Можем ли мы вновь овладеть этой интуицией? У нас есть только два способа выражения: понятие и образ. Система развивается в понятиях; но когда ее перемещают к интуиции, давшей ей начало, она сжимается в образ: если же мы хотим превзойти образ и подняться над ним, то неизбежно вновь скатываемся к понятиям, и к тому же к понятиям еще более смутным, более общим, нежели те. от которых мы отправились на поиски образа и интуиции. Вынужденная принять эту форму, попавшая в запруду на выходе из истока, первичная интуиция покажется тогда чем-то самым бесцветным и холодным, что только есть в мире; она предстанет простой банальностью. Скажи мы, например, что Беркли рассматривает человеческую душу как отчасти связанную с Богом, а отчасти независимую, что он ежеминутно осознает самого себя как несовершенную деятельность, которая присоединилась бы к деятельности более высокого уровня, если бы между ними не существовало нечто посредствующее — абсолютная пассивность, — мы выразили бы все то из исходной интуиции Беркли, что может быть непосредственно сформулировано в понятиях, и все же мы получили бы нечто совершенно абстрактное, почти пустое. Будем придерживаться этих формул, ибо не можем найти лучших, но попробуем вдохнуть в них жизнь. Возьмем все, что написал философ, возведем эти разрозненные идеи к первоначальному образу, сведем их, замкнув в этот образ, в абстрактную формулу, которая наполнится образом и идеями, обратимся к этой формуле и увидим, как она, столь простая, еще больше упрощается, по мере того как мы помещаем в нее все большее число вещей; наконец, поднимемся вместе с ней к точке, где вновь упруго сжимается все то, что в растянутом виде содержалось в учении: и тогда мы представим себе, как из этого недоступного центра силы исходит импульс, рождающий порыв, т.е. саму интуицию. Четыре положения Беркли появились, потому что это движение встретило на своем пути идеи и проблемы, которые были поставлены современниками Беркли. В другое время Беркли, вероятно, сформулировал бы иные положения; но так как само движение было бы тем же, они располагались бы таким же образом по отношению друг к другу, были бы так же тесно связаны между собой, подобно новым словам новой фразы, между которыми проскальзывает прежний смысл; и это была бы та же самая философия.

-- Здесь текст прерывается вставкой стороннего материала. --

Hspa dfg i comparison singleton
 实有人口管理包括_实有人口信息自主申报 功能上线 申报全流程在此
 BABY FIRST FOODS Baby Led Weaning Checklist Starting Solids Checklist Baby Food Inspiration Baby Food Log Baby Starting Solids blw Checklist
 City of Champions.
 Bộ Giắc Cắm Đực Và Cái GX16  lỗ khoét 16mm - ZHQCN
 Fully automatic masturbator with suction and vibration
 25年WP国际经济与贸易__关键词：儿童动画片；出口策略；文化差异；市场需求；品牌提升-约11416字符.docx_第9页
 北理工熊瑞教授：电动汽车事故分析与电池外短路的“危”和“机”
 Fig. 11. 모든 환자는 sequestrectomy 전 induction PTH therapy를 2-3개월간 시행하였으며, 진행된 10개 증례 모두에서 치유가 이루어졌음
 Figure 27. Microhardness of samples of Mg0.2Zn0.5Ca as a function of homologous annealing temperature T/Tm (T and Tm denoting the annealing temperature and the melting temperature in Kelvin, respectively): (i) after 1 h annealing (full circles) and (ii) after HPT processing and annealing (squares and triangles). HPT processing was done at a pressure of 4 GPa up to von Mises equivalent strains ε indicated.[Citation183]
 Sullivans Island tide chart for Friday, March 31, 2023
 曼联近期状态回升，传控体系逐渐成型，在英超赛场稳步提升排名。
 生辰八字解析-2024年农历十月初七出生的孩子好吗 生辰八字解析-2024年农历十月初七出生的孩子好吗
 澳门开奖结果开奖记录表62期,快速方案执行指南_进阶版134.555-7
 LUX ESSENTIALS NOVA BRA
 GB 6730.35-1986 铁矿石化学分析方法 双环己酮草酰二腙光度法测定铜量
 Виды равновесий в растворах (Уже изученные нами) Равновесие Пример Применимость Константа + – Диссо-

Итак, связь философского учения с предшествующими и современными ему доктринами отлична от той, что предполагается общепринятой концепцией истории систем. Неверно, что философ берет предсушествующие идеи, чтобы растворить их в высшем синтезе или скомбинировать с новой идеей. С тем же успехом можно было бы считать, что, для того чтобы разговаривать, мы ищем слова, которые затем соединяем вместе с помощью мышления. Но дело в том, что над словом и фразой существует нечто гораздо более простое, чем фраза и слово: это — смысл, который является, скорее, не мыслимой вещью, а движением мысли, и даже не столько движением, сколько направлением. Подобно тому как импульс, сообщенный эмбриональной жизни, вызывает процесс деления первичной клетки, приводящий к образованию завершенного организма, так и движение, отличающее любой акт мысли, вынуждает эту мысль в процессе возрастающего дробления последовательно охватывать все новые сферы духа, вплоть до речи. Тогда мысль выражается посредством фразы, т.е. группы предсуществующих элементов; но она практически произвольно может выбрать первичные элементы группы, лишь бы только другие элементы их дополняли: одну и ту же мысль можно одинаково хорошо выразить различными фразами, составленными из совершенно разных слов, если эти слова находятся в одном и том же отношении между собой. Таков процесс речи. Такова и операция, посредством которой конституируется философия. Философ не исходит из предшествующих идей; самое большее, можно сказать, что он к ним приходит. И когда он приходит, идея, вовлеченная таким образом в движение его духа, одушевляясь новой жизнью, подобно слову, смысл которого зависит от целой фразы, становится иной, чем она была вне этого круговорота.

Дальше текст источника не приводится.